The x86 (IA32 & AMD64) architecture defines privilege levels as four Rings: Ring 0 is the highest privilege level, running the operating system, while Ring 3 is the lowest, running user programs. Typically, x86 systems only use Ring 0 and Ring 3.

alt text

CSR (Control and Status Registers)

Unlike the 32 general-purpose registers, CSRs are special registers.

CSR (Control and Status Registers) are critical register sets used to control CPU behavior, store system state, and manage exceptions and interrupts. CSRs require special instructions to access.

Each CSR has privilege-level restrictions. For example:The time and cycle registers can be read by U mode but cannot be modified.S-mode CSRs like sstatus can be read and written by S mode and M mode.M-mode CSRs like mstatus can only be read and written by M mode. Attempting to access a higher-privilege CSR from a lower privilege level will trigger an exception.

Each CSR contains defined fields that occupy specific bits, representing particular meanings. We’ll explore CSRs further in subsequent lessons.

Runtime Environment

Across the three privilege levels in RISC-V, the architecture defines three runtime states: Firmware (Machine mode), Operating System (Supervisor mode), and User Mode (User mode).

In RISC-V, the runtime environment provided by the operating system (Supervisor) to applications is called the ABI (Application Binary Interface), while the runtime environment provided by the firmware (Machine mode, SEE) to the operating system (Supervisor, OS) is called the SBI (Supervisor Binary Interface).

image

OpenSBI provides access interfaces to basic hardware and offers services to S mode through a syscall-like mechanism known as SBI Calls. These include basic serial I/O functions like sbi_console_putchar and sbi_console_getchar.

Boot Process Overview

The boot process of an operating system involves initializing each level of the runtime environment. Typically, we start initializing from the highest privilege level and progressively descend to lower privilege levels.

From the moment the CPU powers on and resets, it begins executing the first instruction. At this point, the CPU typically executes code from a small ROM area, either internal or external to the chip, known as the Bootloader.
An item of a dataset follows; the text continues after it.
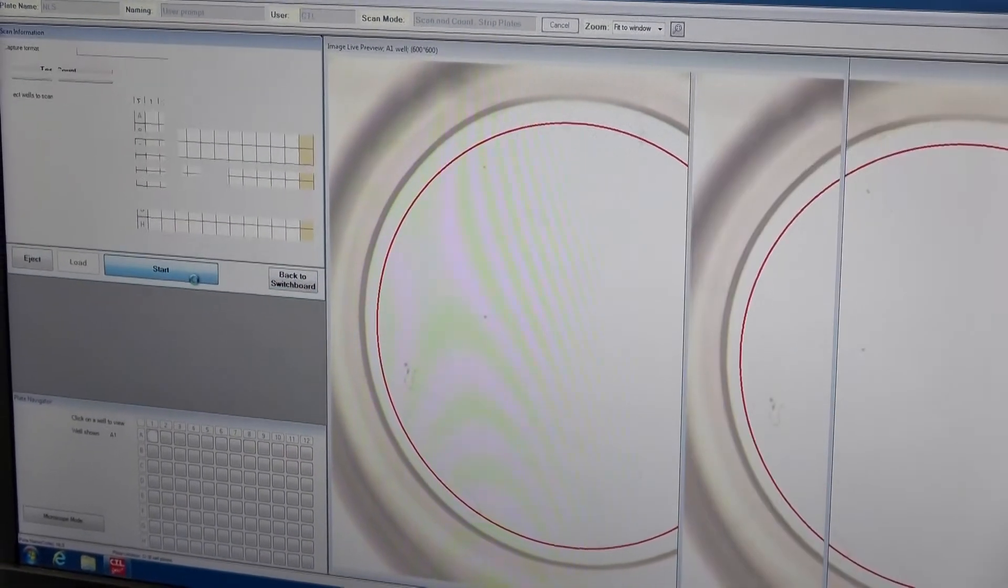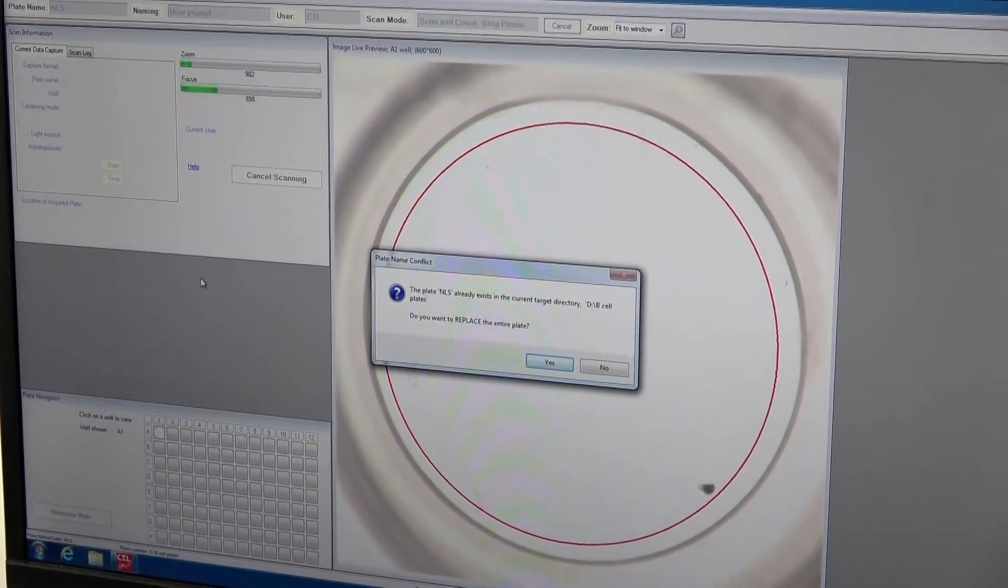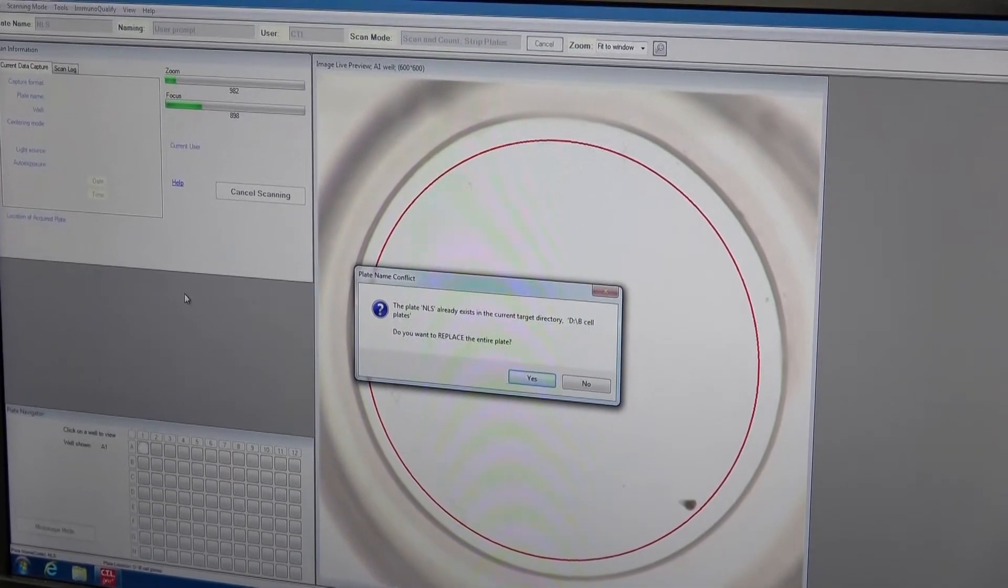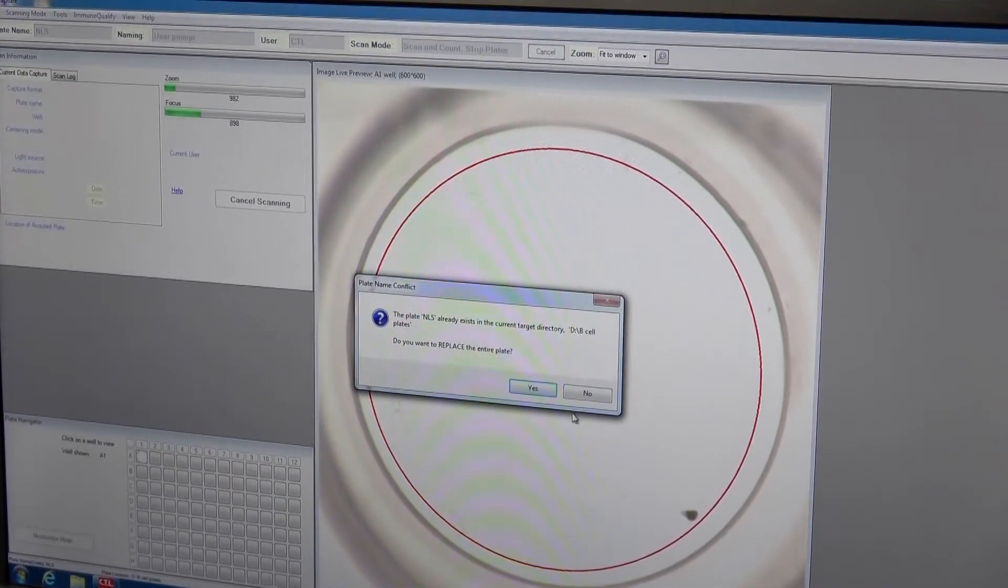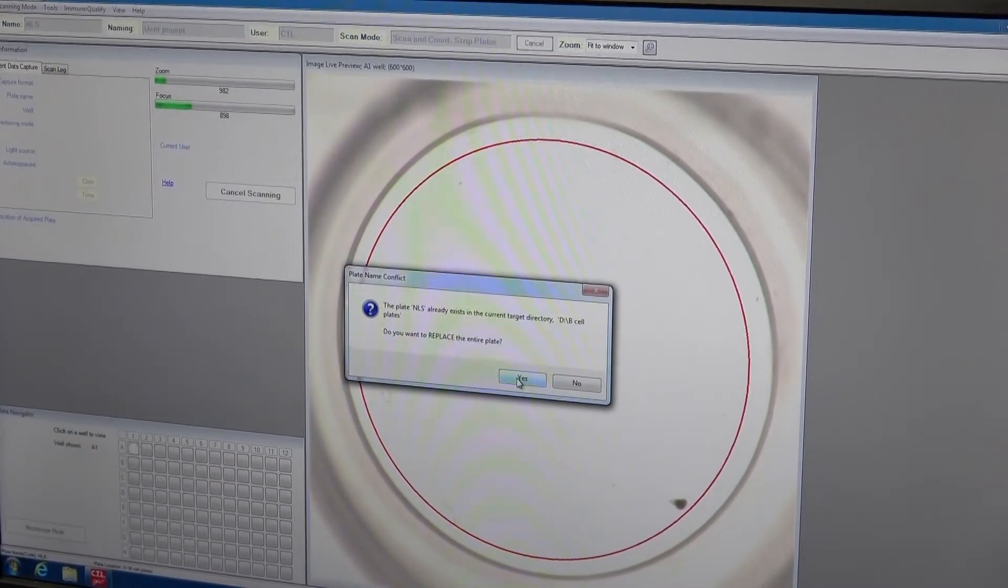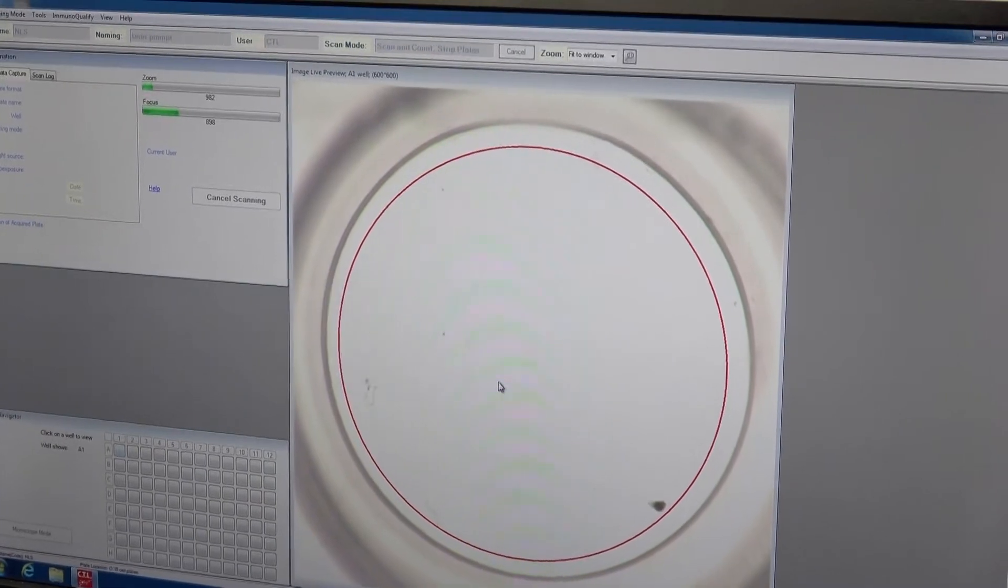We tell it to start. Since we already have a plate named NLS in there, it asks if we want to replace that plate. Yes, I do.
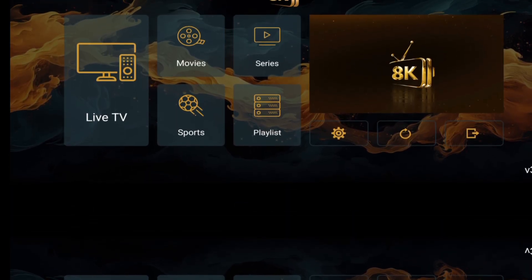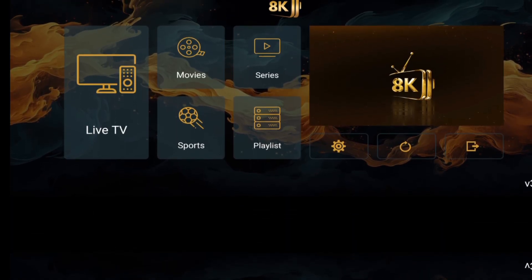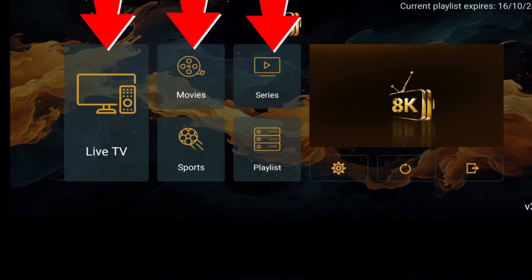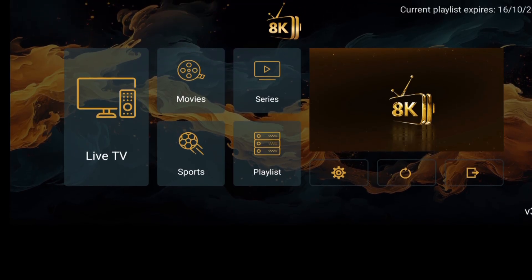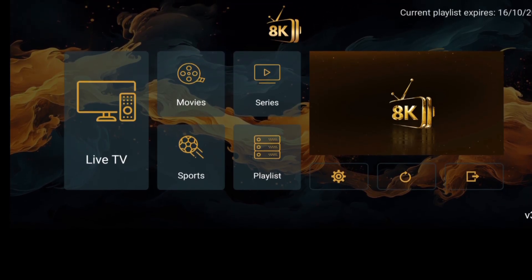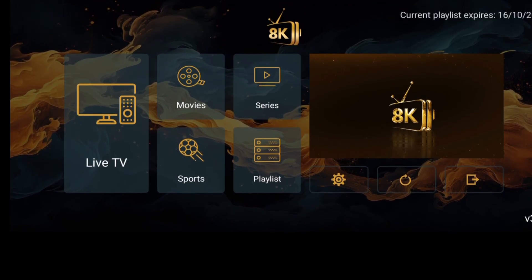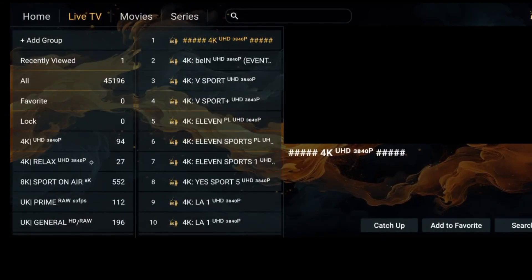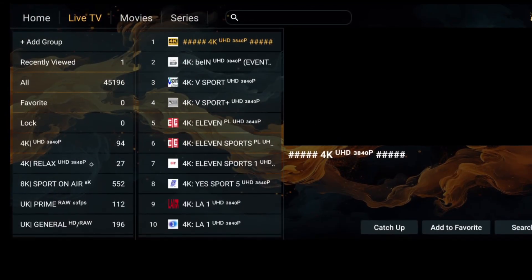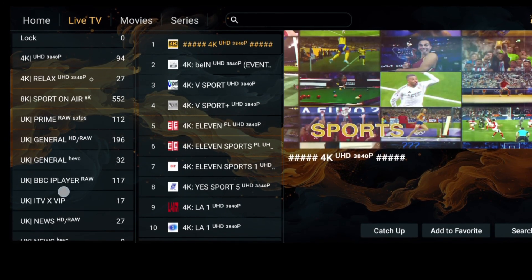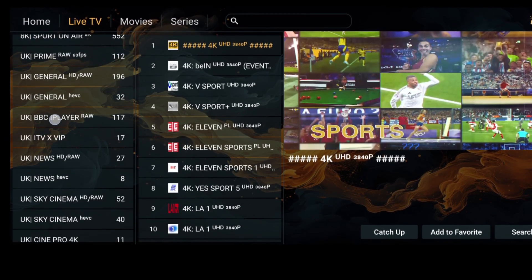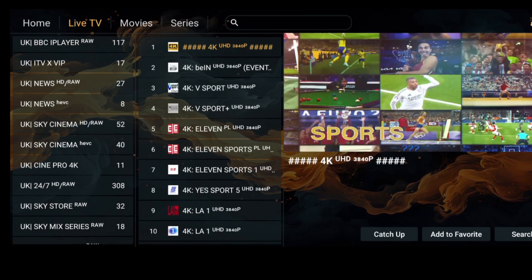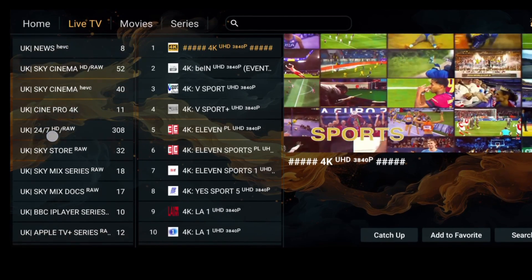You'll now see different sections like live TV, movies, series, and sports. Explore each section to see the available content. You can also use the search bar to find your favorite channels or shows instantly — it's fast and convenient.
The bootloader can be considered "Stage 0" of the boot process, with its primary tasks being to locate the next stage’s image, copy it into memory, and jump to it.

On the RISC-V platform, the next stage is the initialization of the SBI (Supervisor Binary Interface), which we implement using OpenSBI. Thus, in Stage 0, the OpenSBI image and our kernel image are loaded into memory. The bootloader then jumps the CPU to the OpenSBI load address, starting its execution and entering the next stage.

image

In this stage, OpenSBI initializes critical system devices. Once OpenSBI completes the M mode initialization, it downgrades the CPU privilege to S mode and jumps to the kernel’s entry point, officially starting kernel code execution.

Below, we’ll explain the tasks of each stage in detail:

Stage 0: From CPU Power-On

Upon powering on, the CPU undergoes a hardware-level reset. Recall how, in digital logic courses, we reset a reg variable when rst_n is triggered.

The reset sets the Program Counter (PC) to a fixed value called the Reset Vector, the address of the first instruction executed after power-on. This address typically points to a Block ROM on the RISC-V chip, a read-only code region. After executing the Reset Vector code, control flow jumps to the next stage. In QEMU, this next stage is the M mode OpenSBI.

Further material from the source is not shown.